Toewijzing van de Spelen 1920
Infrastructuur

De grootse plannen die in 1914 voor de uitbouw van het Beerschotstadion waren uitgewerkt konden na de oorlog niet gerealiseerd worden. Onder leiding van architecten Fernand De Montigny -hockeyspeler en trainer bij Beerschot Athletic Club - en Louis Somers werden de nodige aanpassingen uitgevoerd. De verbouwingskosten, oorspronkelijk geraamd op een miljoen frank, liepen op tot meer dan het dubbele. Op 23 mei 1920 werden in het recent voltooide en goed gevulde stadion turndemonstraties gehouden en in juni vonden de selectiewedstrijden voor de Belgische atletiekploeg er plaats. 

De deelnemers

Aan de Spelen namen 2.700 atleten deel, waarvan slechts zevenzeventig vrouwen. Zij mochten enkel aantreden in de kunstwedstrijden, het schaatsen, tennis, zwemmen en schoonspringen. Er waren negentien deelnemende landen. Oorlogsagressors Duitsland, Oostenrijk, Hongarije, Bulgarije, Turkije en het communistische Rusland kregen geen uitnodiging. 

De deelnemende landen hadden het moeilijk om goed getrainde atleten en ploegen af te vaardigen. De ontwikkeling van verschillende sportdisciplines lag stil tijdens de oorlog. Veel goede atleten waren gesneuveld en heel wat van de deelnemers hadden nog op het slagveld gestaan. Zo had de Nieuw-Zeelandse roeier Darcy Hadfield in 1917 nog meegevochten en was hij gewond geraakt bij de slag om Passendaele. 

In Antwerpen geraken was voor sommige delegaties een hele onderneming. De Amerikanen reisden met het marineschip de Princess Matoika. Het dek was uitgerust met allerlei trainingsmogelijkheden, maar de leefomstandigheden waren erg primitief. Er braken dan ook onlusten uit tijdens de vijftiendaagse overtocht. De bootreis van de Australiërs, Nieuw-Zeelanders en Japanners duurde nog veel langer. De vier deelnemers uit Nieuw-Zeeland, dat voor het eerst als zelfstandige natie aantrad, waren net geen tien weken onderweg geweest en arriveerden slechts enkele dagen voor de start van de Spelen. De Japanse deelnemers moesten hun reis zelf bekostigen. Omdat hun geld op was werd hun terugreis gesponsord door de Mitsui- en Mitsubishifabrieken. 

Openingsceremonie

De Spelen startten op 14 augustus 1920. ’s Morgens was er een mis in de kathedraal, voorgegaan door kardinaal Mercier. In de namiddag vond in het Beerschotstadion de openingsceremonie plaats in aanwezigheid van de voltallige koninklijke familie. De ceremonie werd begeleid met kanonschoten, klaroengeschal en een Zweeds en een Vlaams koor. Ze begon met een optocht van de delegaties van de deelnemende landen, waarna koning Albert I de Spelen opende. Vervolgens liet een soldaat per deelnemend land een vredesduif los en werd de olympische vlag gehesen. De kardinaal zegende het stadion en een van de Belgische atleten, Victor Boin (1886-1974), trad naar voor en legde de olympische eed af. 

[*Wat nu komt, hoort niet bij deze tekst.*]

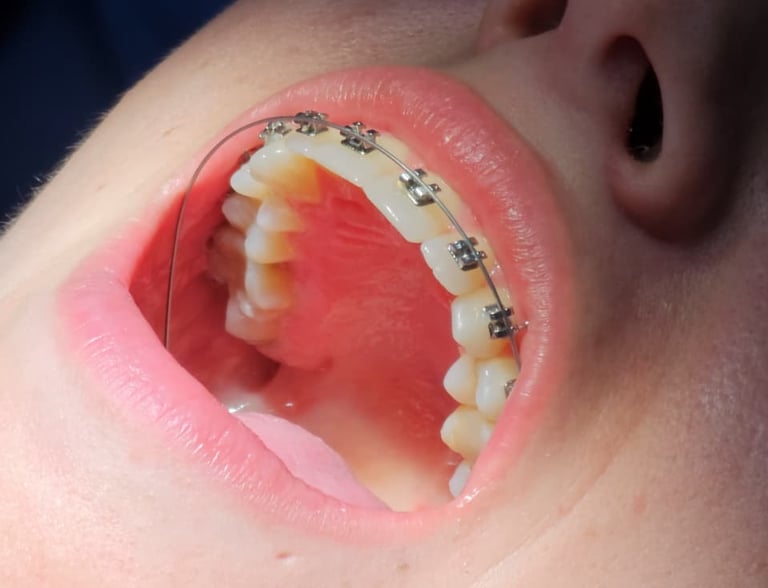 brackets metalicos badajoz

Zowel het hijsen van de vlag als het afleggen van de eed zijn tradities die op de Spelen van 1920 zijn geïntroduceerd. De vlag was een ontwerp van Pierre de Coubertin . Sinds 1920 wordt de vlag doorgegeven aan de burgemeester van de volgende gaststad van de Spelen.  Een van de olympische vlaggen die de Antwerpse straten sierde, werd na twee dagen ontvreemd. In 2000 werd de vlag door Haig "Harry" Prieste - een van de daders,  lid van het duikteam van de Verenigde Staten en winnaar van een bronzen medaille - terug aan de voorzitter van het IOC overhandigd.

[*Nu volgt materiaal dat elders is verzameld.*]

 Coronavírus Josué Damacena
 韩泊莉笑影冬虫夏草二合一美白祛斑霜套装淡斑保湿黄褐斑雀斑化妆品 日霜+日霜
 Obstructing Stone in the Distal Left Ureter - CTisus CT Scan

Het principe van de olympische eed was al aanvaard in 1906, maar werd voor het eerst in Antwerpen uitgesproken. De eer viel te beurt aan Victor Boin, allround atleet en later voorzitter van het Belgisch Olympisch Comité. Hij had in 1908 een zilveren medaille behaald met de Belgische waterpoloploeg in Londen en een bronzen tijdens de Spelen in Stockholm in 1912. Op de Spelen van 1920 zou hij als schermer zilver behalen en nam hij deel aan zwemmen, kunstschaatsen, hockey, vliegen en motorrijden. 

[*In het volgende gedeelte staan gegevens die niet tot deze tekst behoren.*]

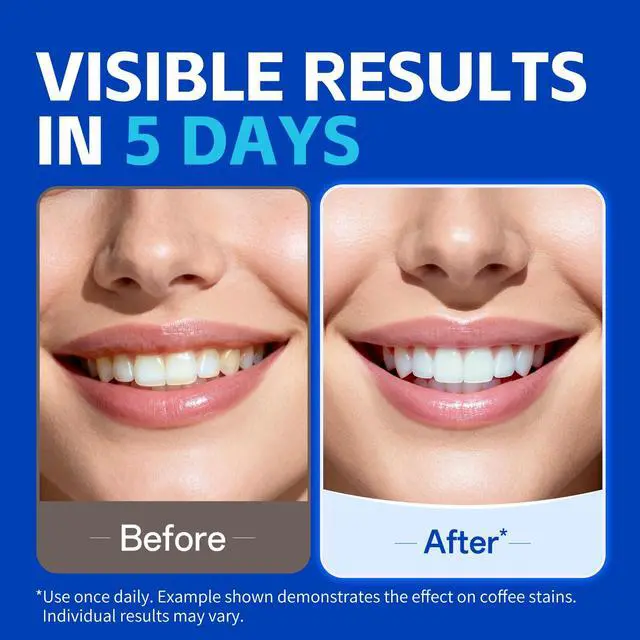 Alt view image 2 of 7 - PERSMAX Teeth Whitening Strips 14 Treatment, 28 Non-Slip Strips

De publieke belangstelling, vooral op de volksstaanplaatsen, was gering. Niet alleen waren de toegangsprijzen hoog, de gewone inwoners hadden in de naoorlogse periode andere zorgen dan het bijwonen van deze mondaine Spelen. Enkel het voetbal en de worstel- en bokswedstrijden die in de Zoo plaatsvonden trokken veel volk. 

Financieel plaatje

De organisatie van de Spelen was een zware last voor het door de oorlog zwaar getroffen België. Aan het einde van de rit was er een tekort van ruim zeshonderdduizend Belgische frank. De liquidateurs hoopten dat de officiële instanties zouden afzien van hun claims, maar dat gebeurde niet. Men trachtte geld te recupereren van buitenlandse delegaties die hun verblijfskosten niet betaald hadden en door de verkoop van olympische souvenirs. Het officieel rapport dat normaal na de Spelen verscheen, kwam er door het faillissement van het organisatiecomité niet. Op basis van de officiële documenten werd in 1957 alsnog een verslag opgesteld.

De eerste schriftelijke verwijzing naar de Olympische Spelen dateert van 776 voor Christus, maar waarschijnlijk werden al in de negende eeuw voor Christus Spelen gehouden in Olympia. Aanvankelijk vonden de wedstrijden plaats op een gewone zandvlakte, maar later werden stadions gebouwd. Naast sportdisciplines werden ook artistieke evenementen georganiseerd zoals het spelen op de lier. De Spelen vonden ononderbroken plaats tot keizer Theodisius I ze in 393 na Christus verbood omwille van hun heidens karakter. 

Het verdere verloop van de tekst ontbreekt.